The research behind the program was conducted by Art Rolnick, senior vice president and director of research at the Minneapolis Federal Reserve, and Rob Grunewald, regional economic analyst at the Minneapolis Fed. Rolnick, who began his research into early-childhood development five years ago when he joined the board of Ready 4 K, points to studies showing that quality early-education programs prepare children for learning, which makes them more likely to perform at grade level and graduate from high school. They’re also less likely to commit a felony or rely on social services—and more likely to get and keep a job with health insurance and other benefits.

Although the aim of the MELF scholarship is to give at-risk kids a better chance to succeed in school, proponents don’t want it looked upon as a feel-good social program. They prefer that it be seen as an economic initiative that aims to create maximum future work force participation.

“The bottom line,” says MELF Executive Director Duane Benson, a former legislator and a past executive director of the Minnesota Business Partnership, “is that we more than likely don’t have the luxury to have many throwaways any more.”

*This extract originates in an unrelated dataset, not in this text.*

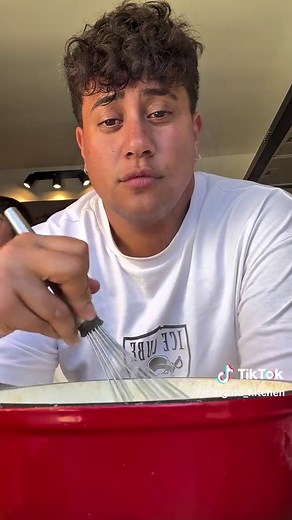 Delicious Homemade Mac and Cheese Recipe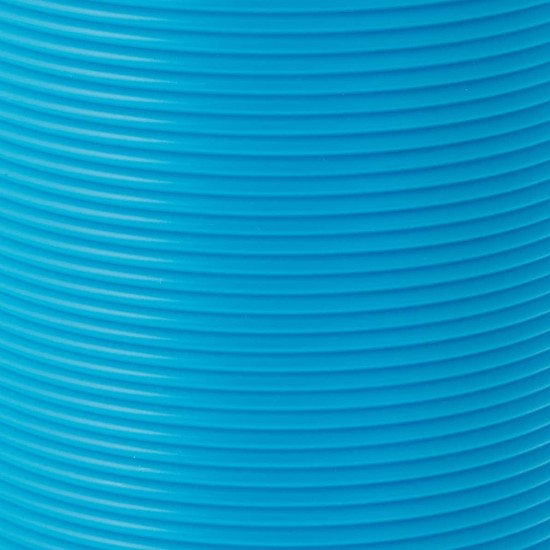 Trixie Extendable Playing Tunnel for Rats, 10 cm Trixie Extendable Playing Tunnel for Rats, 10 cm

Unready for School—and Work

According to Minnesota Department of Employment and Economic Development statistics, transportation, education, real estate, truck transportation, and mining industries will be hit especially hard by the work force shortage, since they have the some of the highest percentage of employees 55 and over. In October, Governor Tim Pawlenty told state agencies to conduct planning studies in anticipation of future work force shortages. The number of state-government workers retiring annually has increased 32 percent over the last five years; during the next 10 years, 39 percent of state employees will turn 61, the average retirement age for state workers.

But who will replace those retirees?

This issue isn’t just a local concern. A recent report from the San Jose, California– based National Center for Public Policy and Higher Education says that the nation will see a drop in the average level of education and per capita income over the next two decades, “unless states do a better job of raising the education level of all racial/ethnic groups.” The number of minority workers—many of them immigrants—is projected to double from 18 to 37 percent from 1980 to 2020. In Minnesota, the nonwhite and Hispanic population is expected to make up 18 percent of the working population in 2030, compared to 10 percent now. Immigrants are predicted to account for a one-third increase in workers over the next 30 years.

Going back to the high school graduation rate: According to the Minnesota Department of Education, only 67 percent of kids for whom English is a second language graduated from high school in 2004, compared to 93 percent of native-born caucasians. (Data for 2005 are still being tabulated.) That same year, just 64 percent of black students and 55 percent of Hispanic students graduated. In fact, Minnesota has one of the lowest graduation rates for Hispanic high-school kids in the country.

Benson believes that the labor shortage is already here—and that it will get worse as an increasing number of kids have trouble simply learning how to learn. “More and more [employers] are looking for people who can just learn, and they will do the training,” Benson says. “But they have to have that better fundamental raw product—for want of better words—come in the door.”